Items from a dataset

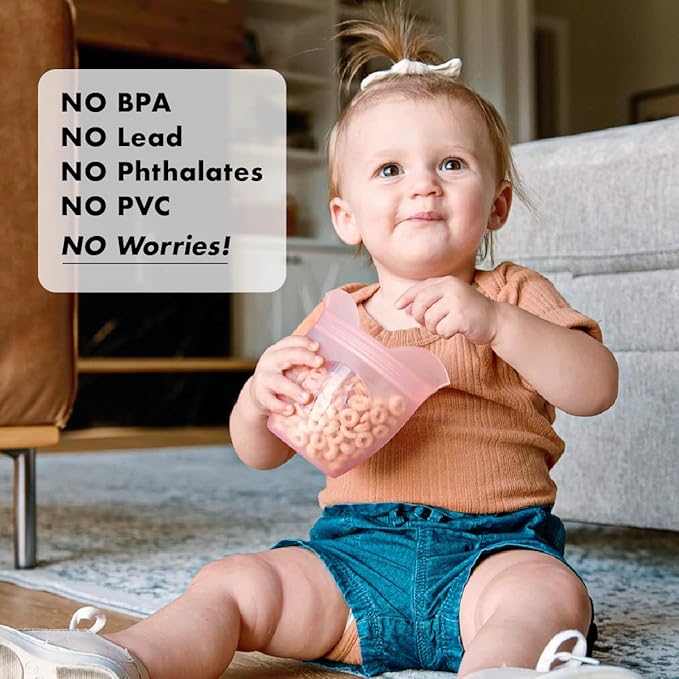Zip Top Reusable 100% Silicone Baby + Kid Snack Containers- The only containers that stand up, stay open and zip shut! No Lids! Made in the USA - Gray Dog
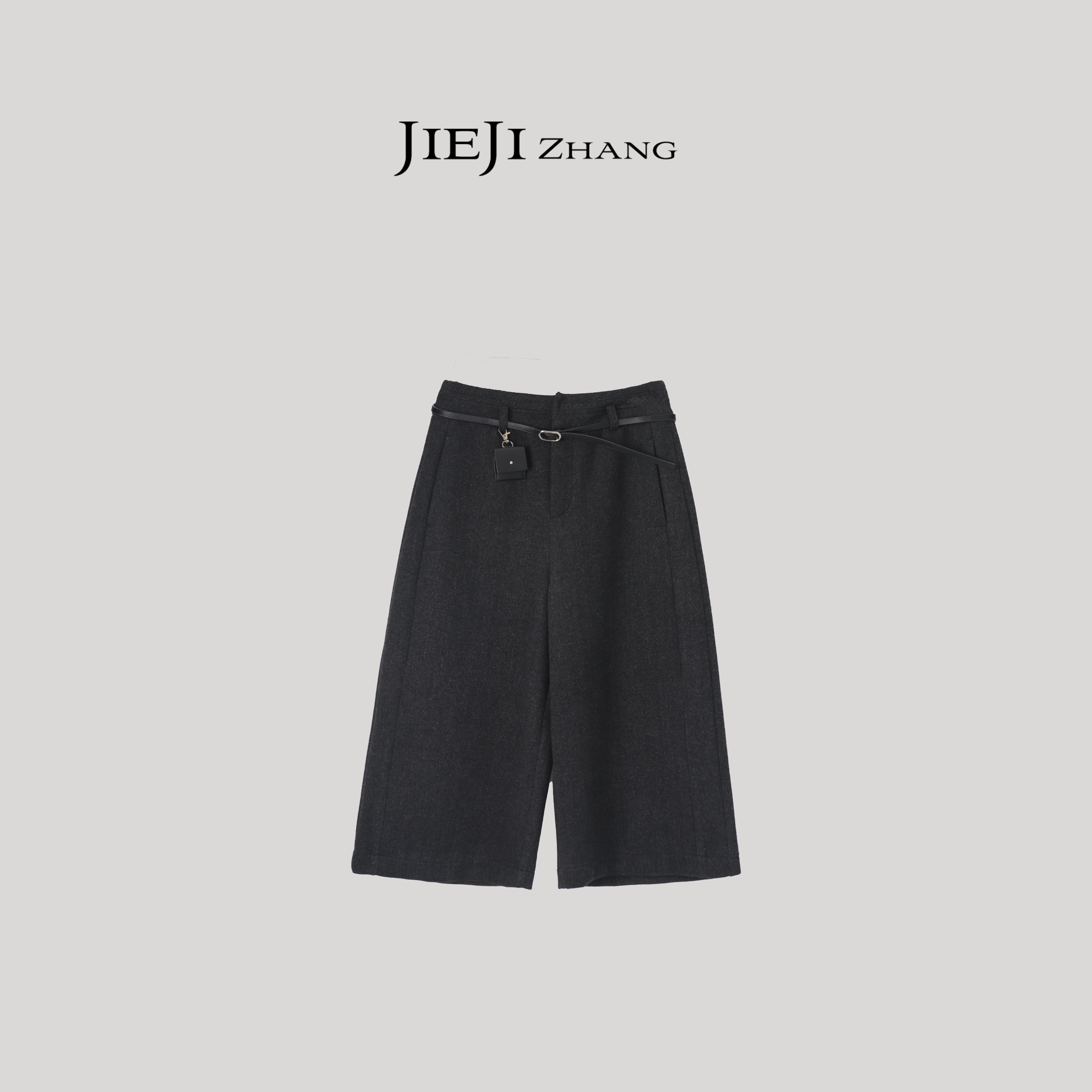 【JIEJI ZHANG】秋冬老钱风羊毛混纺时尚通勤休闲百搭裤子351125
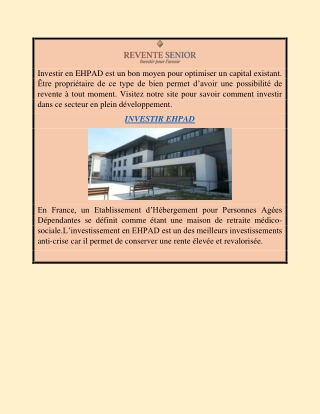 INVESTIR OU INVESTISSEMENT EN EHPAD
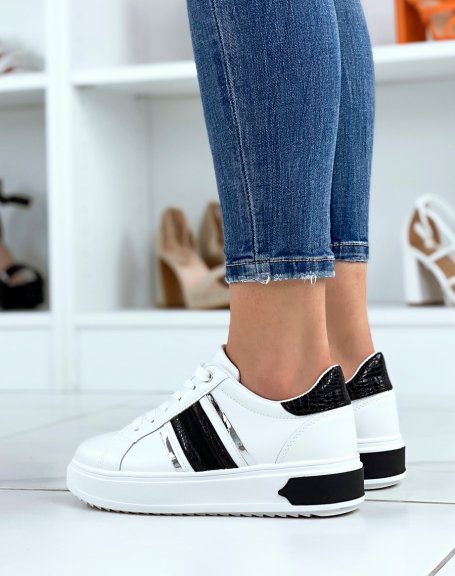 White sneakers with black, croco and silver inserts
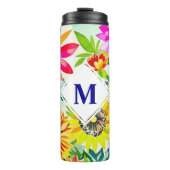 Waterverf Flowers Monogrammed Thermosbeker (Voorkant)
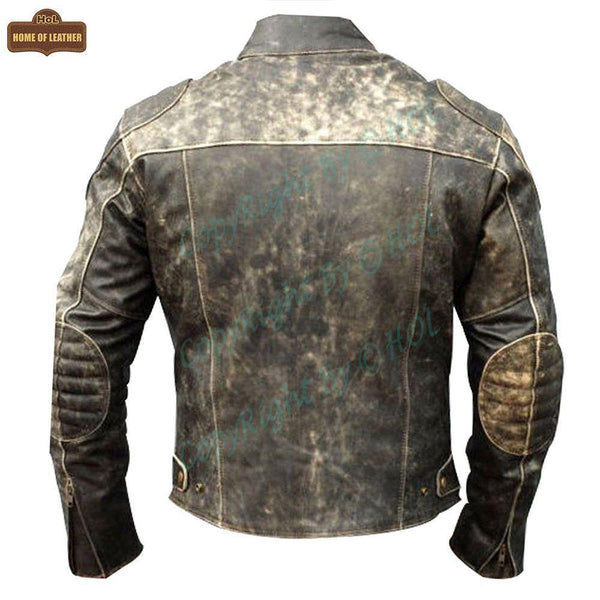 M006 Men's Antique Vintage Cafe Racer Distress Black Biker Retro Jacket - Home of Leather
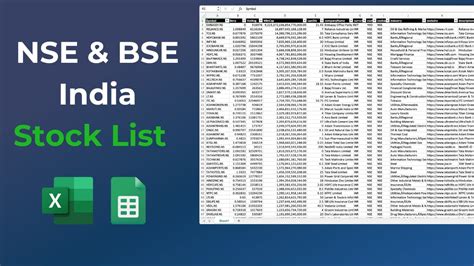 finance stock list nse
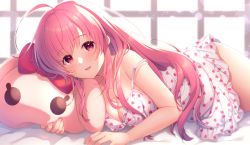 Rule 34 | 1girl, ahoge, bare arms, bare shoulders, bed sheet, breasts, cleavage, collarbone, copyright request, dress, heart, heart print, long hair, looking at viewer, lying, medium breasts, mizukoshi mayu, on stomach, parted lips, pink hair, print dress, red eyes, smile, solo, strap slip, very long hair, virtual youtuber, white dress, window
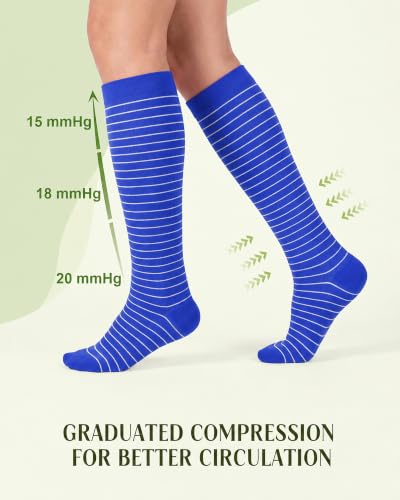 Bamboo Viscose Compression Socks|4Pairs 15-20mmHg Knee High Socks - color: Blue, size: Large-X-Large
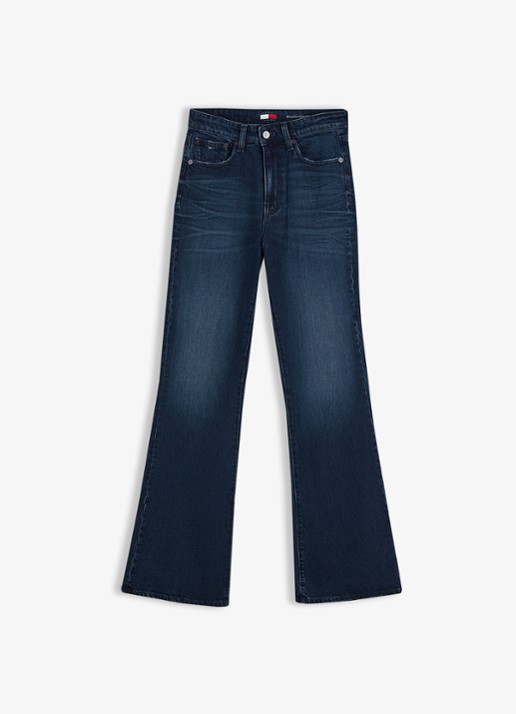 Tommy Hilfiger Sylvia high waist flared jeans met donkere wassing  - voorkant indigo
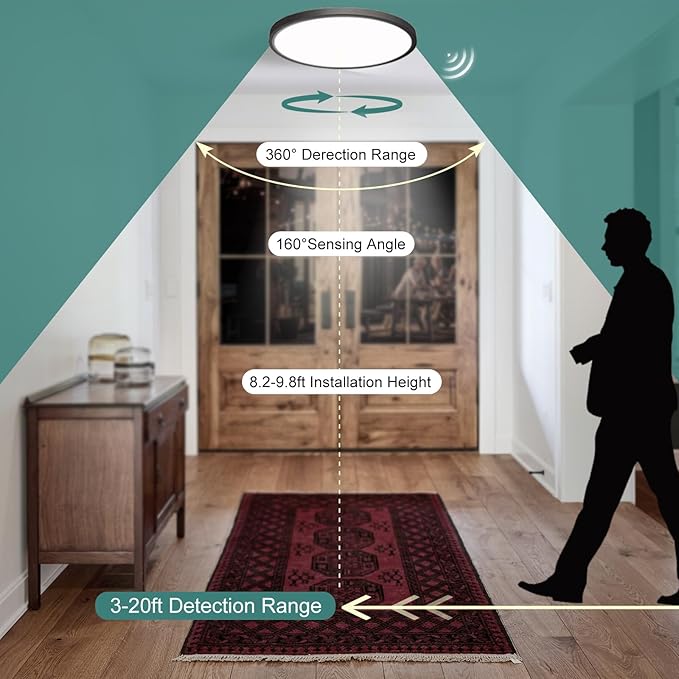 2 Pack Motion Sensor Ceiling Light with Remote,24w Flush Mount Light Fixture Round,Motion Sensor Light Indoor Wired for Hallway Porch Laundry Garage Basement,Motion Light 3000k/4000k/6000k Black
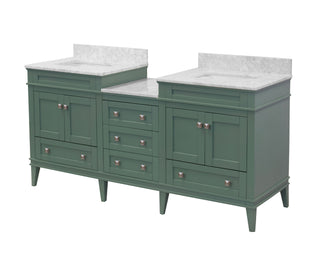 Eleanor 72" Double Bathroom Vanity Green Cabinet Carrara Marble - Side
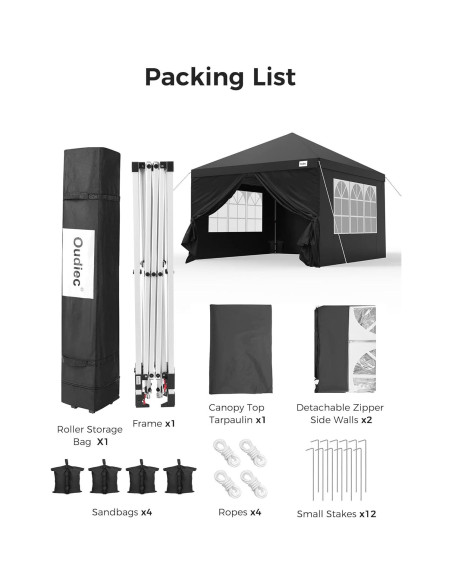 Carpa Plegable Oudiec 3.05x3.05m Impermeable con Ventanas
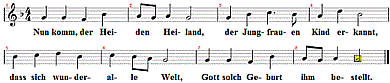 Nun komm, der Heiden Heiland, Noten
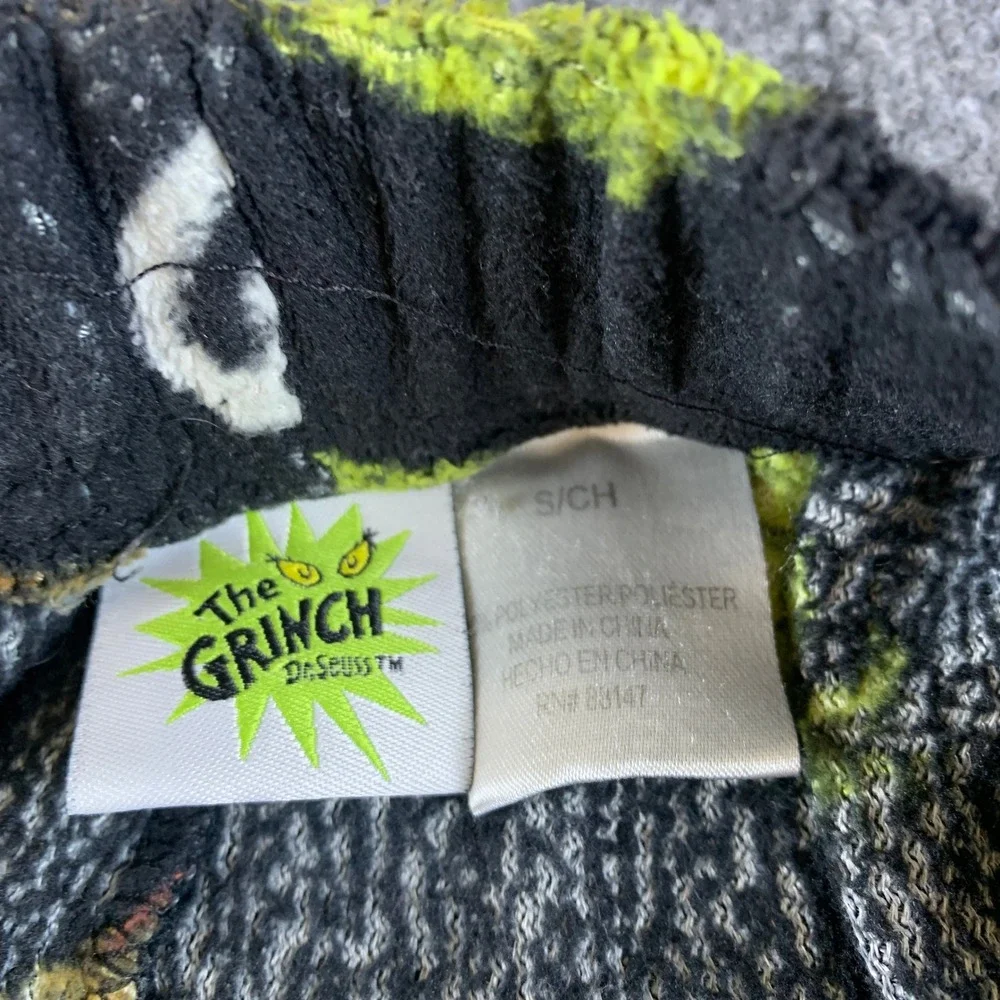 Dr. Seuss The Grinch Fleece Pajama Pants Black Green Max Dog Mens Small 2023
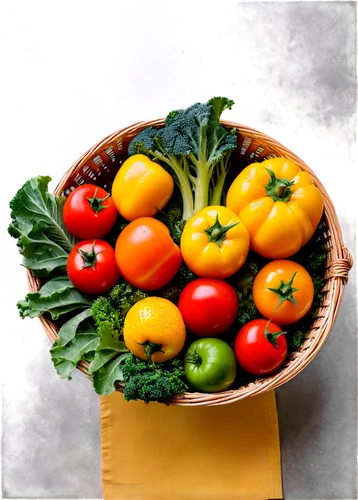 Fresh vegetables, colorful arrangement, basket container, natural light, shallow depth of field, vibrant green lettuce, red juicy tomatoes, orange carrots, yellow bell peppers, crisp broccoli, dew dro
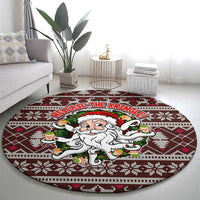 Funny Santa Claus Release The Kringle Christmas Round Carpet Xmas Holiday Patterns - Wonder Print Shop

== WORK ITEM ==
Find the line that contains "Tommy Hilfiger Sylvia", then write out that line and each one after it, exactly and with nothing else, through the end of the entries above, without the pictures.

== EXPECTED ANSWER ==
 Tommy Hilfiger Sylvia high waist flared jeans met donkere wassing  - voorkant indigo
 2 Pack Motion Sensor Ceiling Light with Remote,24w Flush Mount Light Fixture Round,Motion Sensor Light Indoor Wired for Hallway Porch Laundry Garage Basement,Motion Light 3000k/4000k/6000k Black
 Eleanor 72" Double Bathroom Vanity Green Cabinet Carrara Marble - Side
 Carpa Plegable Oudiec 3.05x3.05m Impermeable con Ventanas
 Nun komm, der Heiden Heiland, Noten
 Dr. Seuss The Grinch Fleece Pajama Pants Black Green Max Dog Mens Small 2023
 Fresh vegetables, colorful arrangement, basket container, natural light, shallow depth of field, vibrant green lettuce, red juicy tomatoes, orange carrots, yellow bell peppers, crisp broccoli, dew dro
 Funny Santa Claus Release The Kringle Christmas Round Carpet Xmas Holiday Patterns - Wonder Print Shop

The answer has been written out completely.